Friday, November 20, 2020

Miller's Crossing (1990, Joel & Ethan Coen)

Quest Status: 720 / 1000

TSPDT Rank #718

There have been a lot of movies made about the Mafia, but not too many about the Irish mob. In Miller's Crossing, the two tribes cross paths and attempt to coexist, but the Irish whiskey-drinking Tom (Gabriel Byrne) is at the center of it all. Compared to the lurid suspense of the Coen brothers' first film, Blood Simple, and the manic screwball comedy of their second, Raising Arizona, Miller's Crossing is a much more subdued film in general. Still, the Coens' signature style is all over this film - with a convoluted plot full of countless "ins and outs," obscure symbolism, and a constant undertone of irony. It also features the Coens' trademark plot device of a man caught in a downward spiral and overwhelmed by forces beyond his comprehension.

Initially, this downward spiral isn't that evident, nor are the Coens' usual trademarks in clear view from the start. This is a slow burn film, with the central conflicts of the story only coming into clear view about halfway through the film. What we do know is this: Tom is the right hand man for a political fixer and mob boss Leo O'Bannon (Albert Finney) who runs a Prohibition-era city. The city is never identified, but the Coens shot the film in New Orleans because much of its architecture dates back to this era. Tom and Leo share a strong bond which is able to withstand any argument or difference of opinion, but when the devious Verna Bernbaum (Marcia Gay Harden) comes between them, their bond threatens to collapse.
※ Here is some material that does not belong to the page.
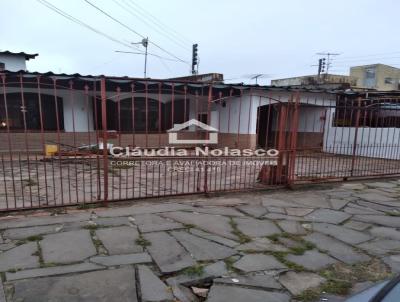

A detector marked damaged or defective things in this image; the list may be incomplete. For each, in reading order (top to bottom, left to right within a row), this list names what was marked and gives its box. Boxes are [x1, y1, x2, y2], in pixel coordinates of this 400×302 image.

It doesn't help that Verna's brother Bernie (John Turturro) has run afoul of one of Leo's underlings, an Irish mob boss with ambitions of his own.

 
The plot thickens from here. There are countless nods to film noir and Dashiell Hammett novels, although the mood is different, more solemn and detached. One scene which sets the film apart from its source material is a brutal assassination scene set at the titular wooded crossing, a gut-churning moment of fear, power and moral crisis which has more in common with Bertolucci's The Conformist than Dashiell Hammett. There's also a scene in which Albert Finney jumps down from his bedroom window and mows down assassins in a bathrobe while "Danny Boy" blares on the soundtrack, but that's pure Coen. As for the hat floating in the woods, it's anybody's guess. Much like the tumbling tumbleweeds in The Big Lebowski, the answer is blowin' in the wind.